The Real Role of the MVP
Many startups mistake the MVP for the finished product. “If we build an MVP, we can launch and scale.” That’s not how it works. The MVP isn’t a product, nor is it a foundation; it’s a learning tool.
The MVP, or Minimum Viable Product, exists to test critical hypotheses. It answers core questions: Is there a real problem? Does anyone care enough to try the solution? Does the value proposition make sense outside our own heads? It’s a temporary tool, designed to quickly reduce uncertainty and generate structured learning.
Confusion sets in when the MVP “works”: a few users show up, some revenue appears, and the team feels like they’re making progress. Suddenly, the MVP starts being treated as the basis for growth. That’s the mistake. The MVP was never meant to support ongoing operations or serve as a structural foundation.
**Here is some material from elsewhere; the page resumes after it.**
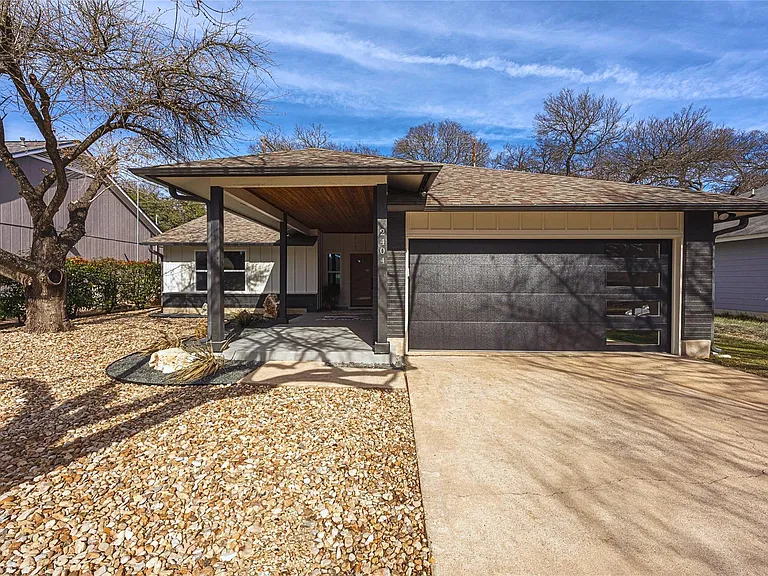 2404 Monarch Dr — Photo 1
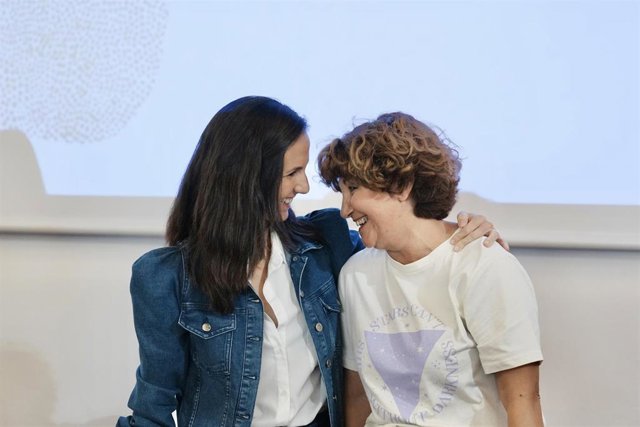 La secretaria general de Podemos y ministra de Derechos Sociales y Agenda 2030, Ione Belarra (i), y la coordinadora general de Podemos Euskadi, Pilar Garrido (d), participan en un encuentro con la militancia vasca.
When you expect the MVP to be the product, risk increases. Technical debt piles up quickly, defensive architectural decisions are made too early, operations rely on tacit knowledge, and the team experiences constant frustration. The result is a fragile system, unstable growth, and shallow learning.
There are clear warning signs for founders. If you’re trying to scale something that changes every week, making “future-proof” decisions too soon, feeling that everything is fragile without knowing why, or if the team avoids changes out of fear of breaking things, chances are the MVP has become your foundation by inertia. These signs indicate that the experiment has turned into a dependency, not a solid base.
The MVP is for learning, not sustaining. Its real role is to reduce uncertainty, test critical hypotheses, and reveal where value exists—and where it doesn’t. Once it fulfills that role, it should be replaced by a structured product, not kept out of attachment to what’s already been built. The MVP is a bridge, not the destination.